Gedcom Publisher does not support LDS extensions "e in middle of line" or "o in middle of line". They are converted to "e" and "o", respectively.

Combining (non-spacing) Characters

ANSEL includes combining characters that modify the following¹ character. In the table below, the Graphic column shows the combining character modifying a dotted circle ◌ (U+25CC).
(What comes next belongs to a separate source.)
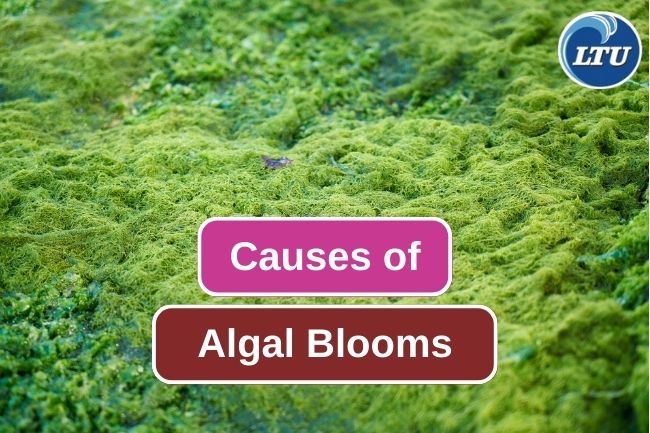 What Is Algal Blooming And How It Can Happen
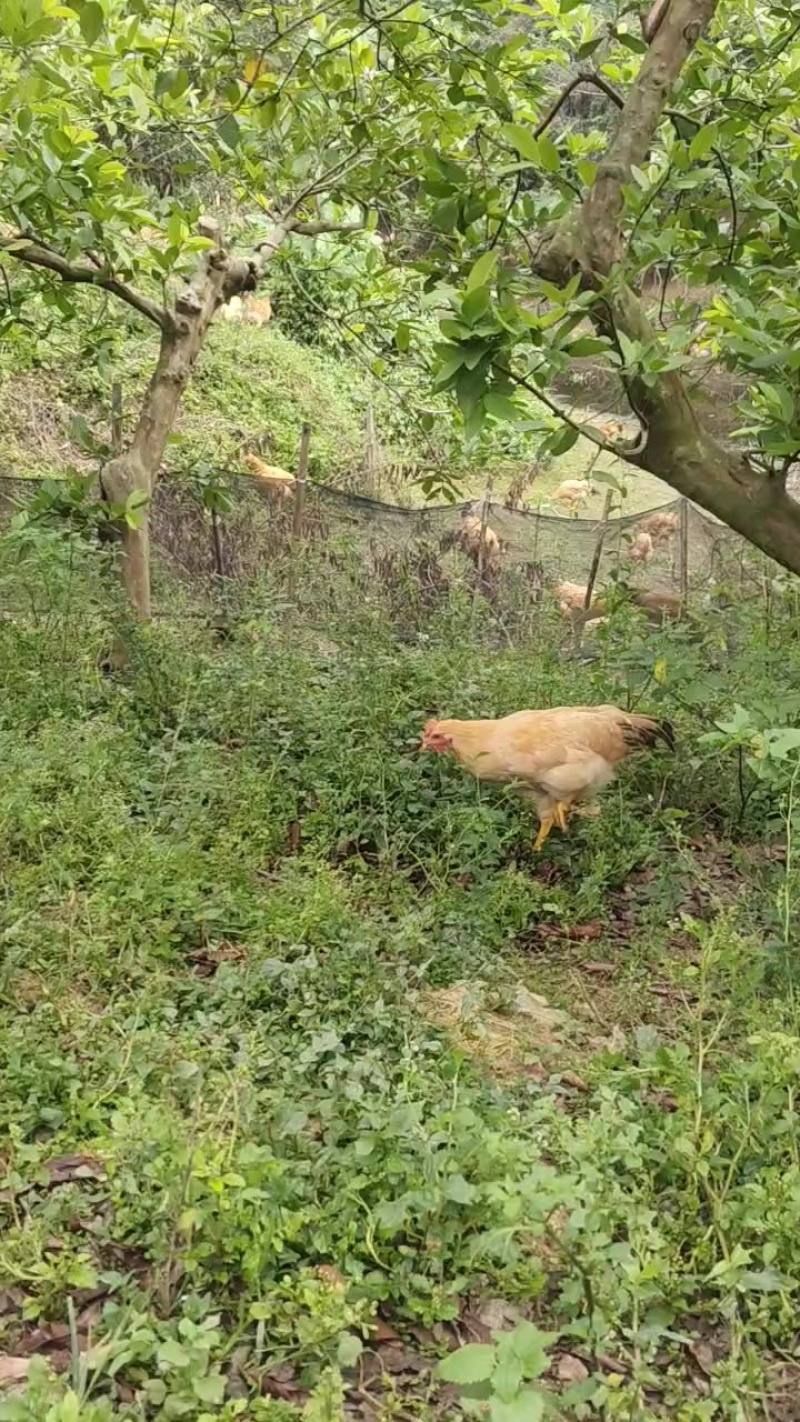 广东鹤山果园走地鸡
Hex	Decimal	Unicode	Graphic	Name	Example
E0	224	U+0309	◌̉	hook above	củi
E1	225	U+0300	◌̀	grave accent	règle
E2	226	U+0301	◌́	acute accent	está
E3	227	U+0302	◌̂	circumflex accent	même
E4	228	U+0303	◌̃	tilde	niño
E5	229	U+0304	◌̄	macron	gājājs
E6	230	U+0306	◌̆	breve	altă
E7	231	U+0307	◌̇	dot above	żaba
E8	232	U+0308	◌̈	diaeresis (umlaut)	öppna
E9	233	U+030C	◌̌	caron (hacek)	vždy
EA	234	U+030A	◌̊	ring above (angstrom)	hår
EB	235	U+FE20	◌︠	ligature, left-half	akademii︠a︡
EC	236	U+FE21	◌︡	ligature, right-half	akademii︠a︡
ED	237	U+0315	◌̕	comma above right	rozdel̕ ovac
EE	238	U+030B	◌̋	double acute accent	időszaki
EF	239	U+0310	◌̐	candrabindu	Alii̐ev
F0	240	U+0327	◌̧	cedilla	ça
F1	241	U+0328	◌̨	ogonek (nasal hook)	vietą
F2	242	U+0323	◌̣	dot below	teḍa
F3	243	U+0324	◌̤	double dot below	k̲h̲ut̤bah
F4	244	U+0325	◌̥	circle below	Samskr̥ta
F5	245	U+0333	◌̳	double underscore	G̳hulam
F6	246	U+0332	◌̲	underscore	s̲amar
F7	247	U+0326	◌̦	left hook	dārzin̦a
F8	248	U+031C	◌̜	right cedilla	kho̜ng
F9	249	U+032E	◌̮	breve below	ḫumantus̆
FA	250	U+FE22	◌︢	double tilde, left half	n︢g︣alan
FB	251	U+FE23	◌︣	double tilde, right half	n︢g︣alan
FC	252	U+0338	◌̸	long solidus (slash) overlay(LDS Extension)	0̸
FE	254	U+0313	◌̓	comma above	ge̓otermika

Please note that per the Unicode Standard, Version 7.0, Chapter 3, D52, "The graphic positioning of a combining character depends on the last preceding base character, unless they are separated by a character that is neither a combining character nor either zero width joiner or zero width non-joiner."

In the table above, the position of the cedilla may be different when it applies to the dotted circle ◌̧ compared to where it appears under a "c" in "ça". In this document, the behavior will vary based on your browser's font choices for "serif" and "sans-serif", and also on your browser's text layout software.

The slash overlay character does not seem to be positioned properly when applied to the dotted circle or the digit zero. I tried multiple fonts and multiple base characters and all combinations produced similar results.

Notes

In the ANSEL encoding, combining characters precede the character they modify. In Unicode, combining characters follow the character they modify.